• Prompt
From the entries below, return exactly the lines beginning at the one that contains "Pool 6 of 37" and ending at the one that contains "Used 2018 Buick LaCrosse Essence image 5", both of them included, and only those lines.

• Provided records
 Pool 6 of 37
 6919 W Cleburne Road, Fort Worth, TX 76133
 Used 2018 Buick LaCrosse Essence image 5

---

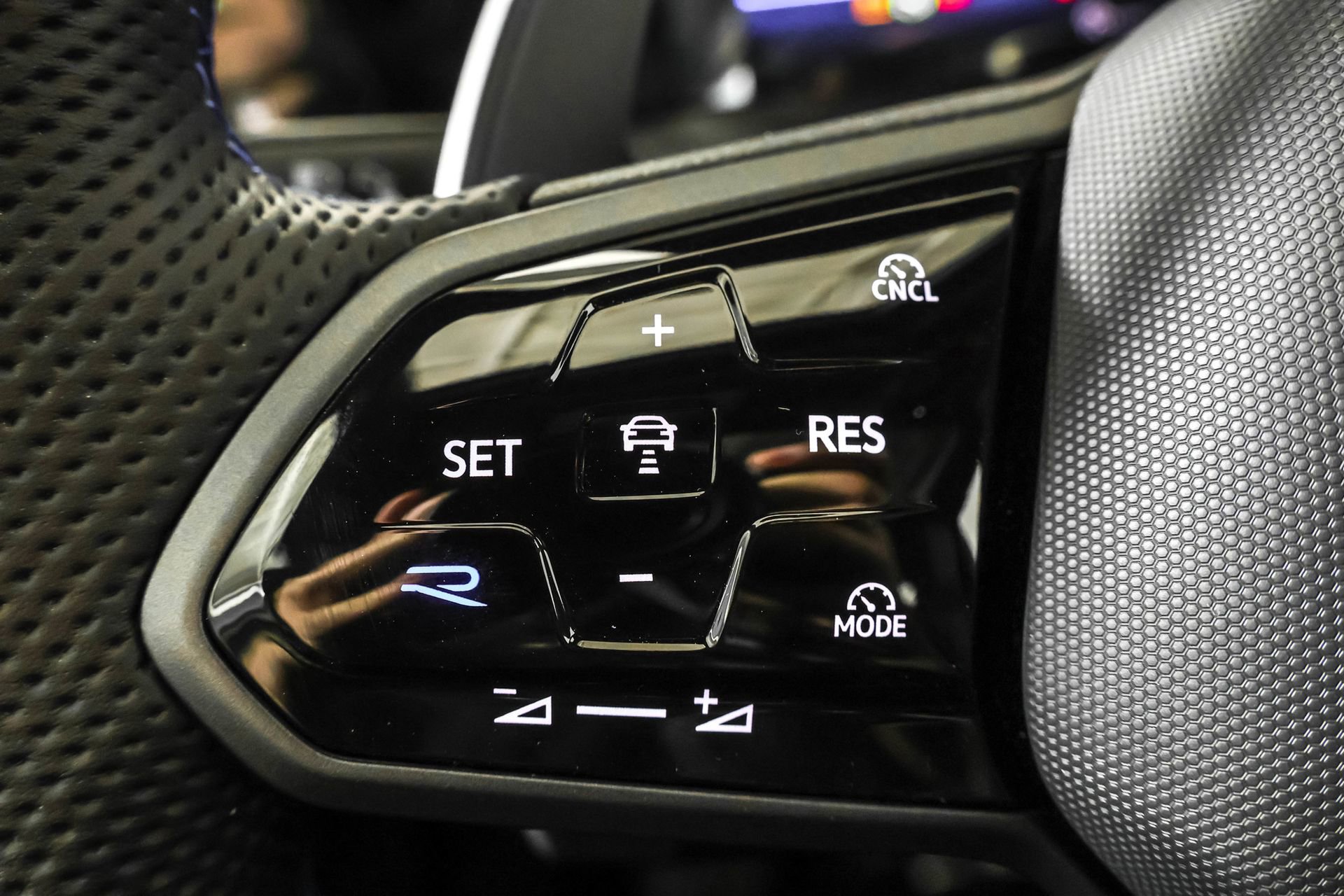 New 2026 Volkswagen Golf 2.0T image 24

• Reply
 Pool 6 of 37
 6919 W Cleburne Road, Fort Worth, TX 76133
 Used 2018 Buick LaCrosse Essence image 5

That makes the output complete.